It is Christmas Day 2019.
Sydney skies are grey with cloud. The smoke from summer bushfires seems to have lifted.
We decided to spend our summer holiday on the road visiting friends and relatives around the country.
Heading down the coast from Tamborine Mountain we drove into more bush fires around Port Macquarie, Taree, skirting Sydney heading for Canberra the sky was yellow and the air difficult to breath. From Canberra heading to the coast more fires at Braidwood, Victoria was green relief but heading into Adelaide the hills were crested in billowing smoke and a pall of smoke lay over the landscape from Hay until we reached Sydney.
In my 58 Christmases, I have never known our country to be suffering under so many fires in so many places.
A bush fire is a frightening experience and the devastation for communities across Australia must be a bitter pill.

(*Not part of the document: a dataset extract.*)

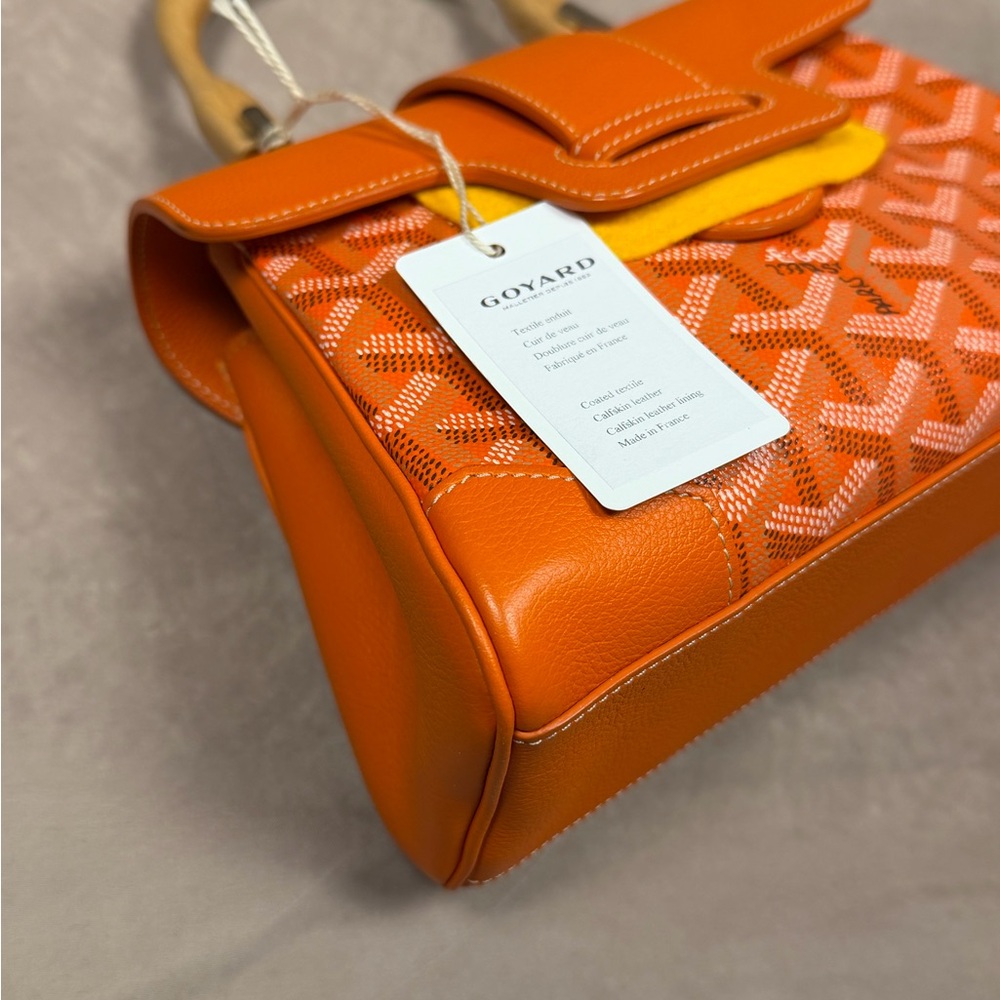 GOYARD SAIGON SOUPLE MINI ORANGE LEATHER & GOYARDINE CANVAS BAG - NEW W DUST BAG - Picture 7 of 12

On this day, this Christmas Day so many will be struggling with the aftermath of bush fires, of exhaustion, of dislocation.
On this day this Christmas Day, so many ideals are pinned. The ideal party, family gathering, gratitude and celebration, hope and peace. But life isn’t always like that.
I remember the feeling two months after my late husband had died. The shops screamed at me to celebrate, spend, party. Everybody was doing it…but not me…or that was how it felt. I am grateful for some pragmatic children who came up with a plan- to celebrate a goth Christmas., my husbands empty chair at the table, a sense of humour, and a firm nod to his tragic passing but also a nod to the going forward and a shaking of the head and fist at the so called traditions of Christmas shopping must dos.
Things have indeed changed over the proceeding years. Every Christmas is different. Different locations, different people around the table of picnic rug. A moving feast….one not everyone can cope with joining.
I tip my hat to the ones for whom this is one of the most difficult days. Days of enduring, remembering and avoiding.
This too shall pass and the smoke will clear.